MATLAB Fundamentals + MATLAB for Finance Training Course
35 hours (usually 5 days including breaks)
- Basic concept of undergraduate-level mathematical knowledge such as linear algebra, probablilty theory and statistics, as well as matrix
- Basic computer operations
- Preferably basic concept of another high-level programming language, such as C, PASCAL, FORTRAN, or BASIC, but not essential
This course provides a comprehensive introduction to the MATLAB technical computing environment + an introduction to using MATLAB for financial applications.
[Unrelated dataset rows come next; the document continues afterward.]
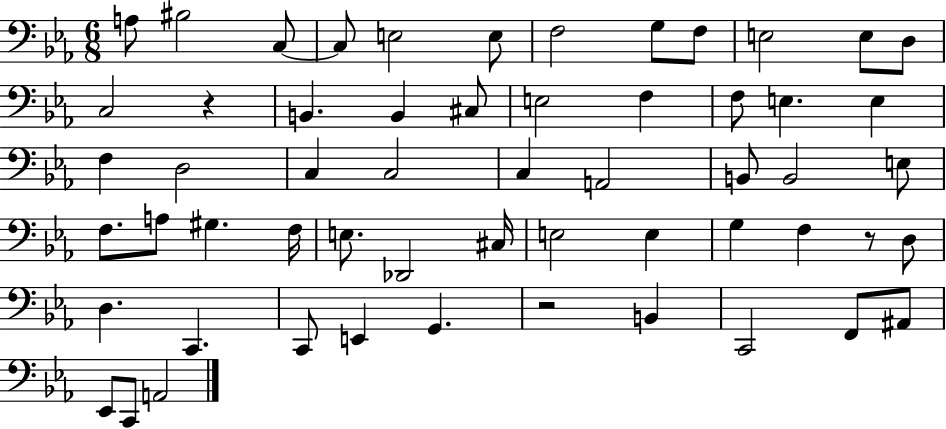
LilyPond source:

{
  \clef bass
  \numericTimeSignature
  \time 6/8
  \key ees \major
  a8 bis2 c8~~ | c8 e2 e8 | f2 g8 f8 | e2 e8 d8 | \break c2 r4 | b,4. b,4 cis8 | e2 f4 | f8 e4. e4 | \break f4 d2 | c4 c2 | c4 a,2 | b,8 b,2 e8 | \break f8. a8 gis4. f16 | e8. des,2 cis16 | e2 e4 | g4 f4 r8 d8 | \break d4. c,4. | c,8 e,4 g,4. | r2 b,4 | c,2 f,8 ais,8 | \break ees,8 c,8 a,2 | \bar "|."
}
The course is intended for beginning users and those looking for a review. No prior programming experience or knowledge of MATLAB is assumed. Themes of data analysis, visualization, modeling, and programming are explored throughout the course. Topics include:
- Working with the MATLAB user interface
- Entering commands and creating variables
- Analyzing vectors and matrices
- Visualizing vector and matrix data
- Working with data files
- Working with data types
- Automating commands with scripts
- Writing programs with logic and flow control
- Writing functions
- Using the Financial Toolbox for quantitative analysis
A Brief Introduction to MATLAB
Objectives: Offer an overview of what MATLAB is, what it consists of, and what it can do for you
- An Example: C vs. MATLAB
- MATLAB Product Overview
- MATLAB Application Fields
- What MATLAB can do for you?
- The Course Outline
Working with the MATLAB User Interface
Objective: Get an introduction to the main features of the MATLAB integrated design environment and its user interfaces. Get an overview of course themes.
- MATALB Interface
- Reading data from file
- Saving and loading variables
- Plotting data
- Customizing plots
- Calculating statistics and best-fit line
- Exporting graphics for use in other applications
Variables and Expressions
Objective: Enter MATLAB commands, with an emphasis on creating and accessing data in variables.
- Entering commands
- Creating variables
- Getting help
- Accessing and modifying values in variables
- Creating character variables
Analysis and Visualization with Vectors
Objective: Perform mathematical and statistical calculations with vectors, and create basic visualizations. See how MATLAB syntax enables calculations on whole data sets with a single command.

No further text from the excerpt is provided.